Particularly in the first embodiment, a second recording layer (L1 layer) 207 is formed on the lower side of the semitransparent reflective film 108, and moreover, a reflective film 208 is formed on the lower side thereof The second recording layer 207 is constructed such that the recording and reproduction of the phase change type or of the irreversible change recording type by heat or the like can be performed in substantially the same manner as the first recording layer 107, by irradiating the laser light LB through the transparent substrate 106, the first recording layer 107, and the semitransparent reflective film 108. With regard to the second recording layer 207 and the reflective film 208, they may be laminated, i.e. film-formed, on the transparent substrate 106 on which the first recording layer 107 and the semitransparent reflective film 108 or the like are formed. Alternatively, after each of them is laminated, i.e. film-formed, on a different substrate, they may be pasted to the transparent substrate 106. Incidentally, between the semitransparent reflective film 108 and the second recording layer 207, there is provided a transparent middle layer 205 constructed from a transparent adhesive or the like, as occasion demands, according to the manufacturing method.
Upon the recording and reproduction of such a two-layer type optical disc 100, the recording and reproduction in the first recording layer 107 or the second recording layer 207 is performed, depending on which recording layer has the focus position of the laser light LB, that is, which recording layer is focused on.

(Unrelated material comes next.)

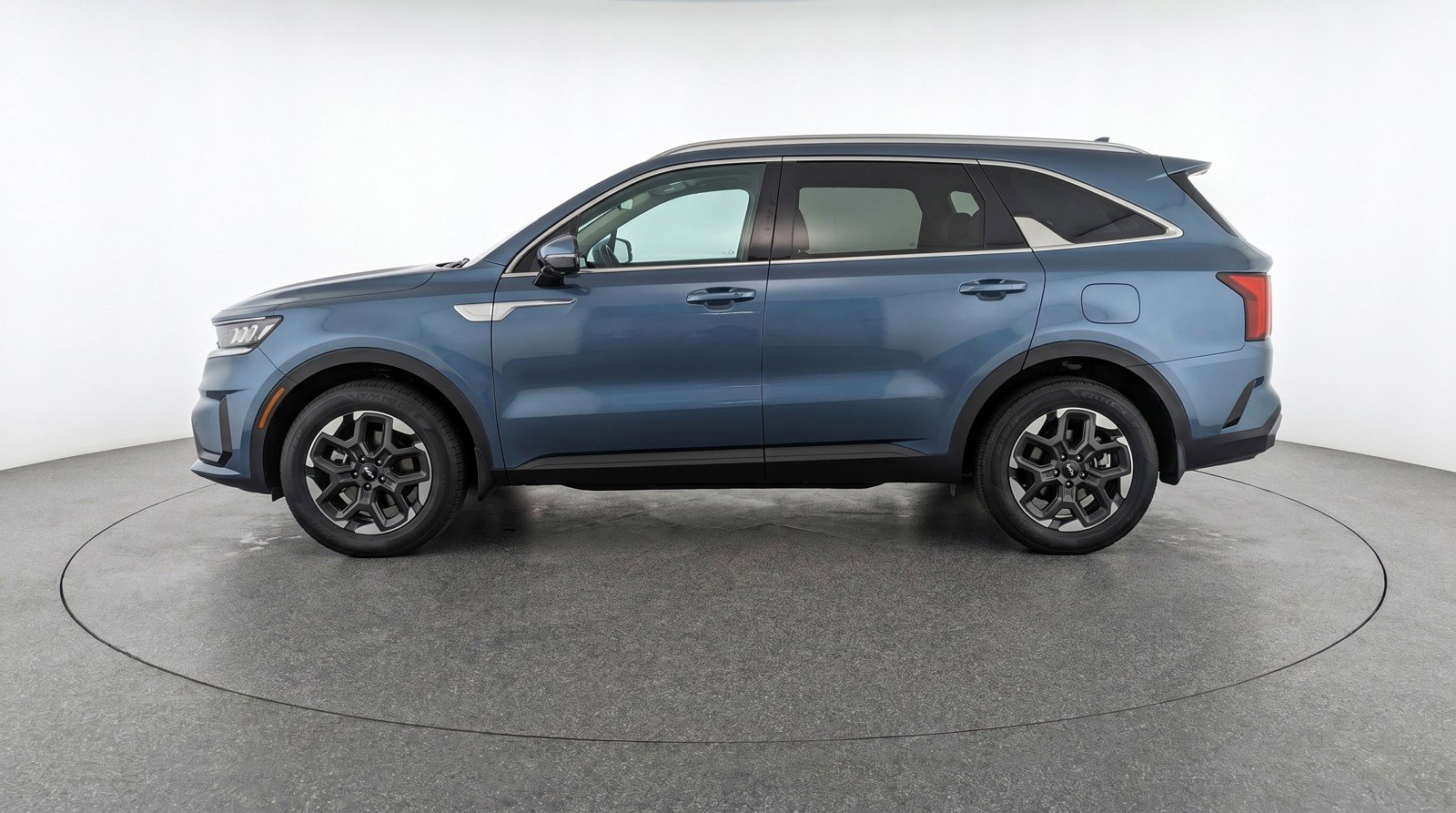 Used 2024 Kia Sorento S AWD/4WD image 5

Next, with reference to FIG. 3, an explanation will be given for clock information and address information required at the time of recording and reproduction, obtained from the oscillation (wobbling) of the groove track, which is the basic principle of the optical disc in the embodiment of the information recording medium of the present invention. FIG. 3 are schematic conceptual views showing the clock information and the address information required at the time of recording and reproduction, obtained from the wobbling of the groove track, on the optical disc in the embodiment of the information recording medium of the present invention.
As shown in FIGS. 3(a), (b), and (c), the groove track GT is oscillated or wobbled with a constant amplitude and at a constant spatial frequency, on the optical disc in the embodiment. Namely, the groove track is wobbled, and the cycle of the wobble 109 is set to a predetermined value. Incidentally, it is also possible to record the pre-format address in advance, by modulating the wobble 109 of the groove track GT in a predetermined modulation method, such as frequency modulation and phase modulation.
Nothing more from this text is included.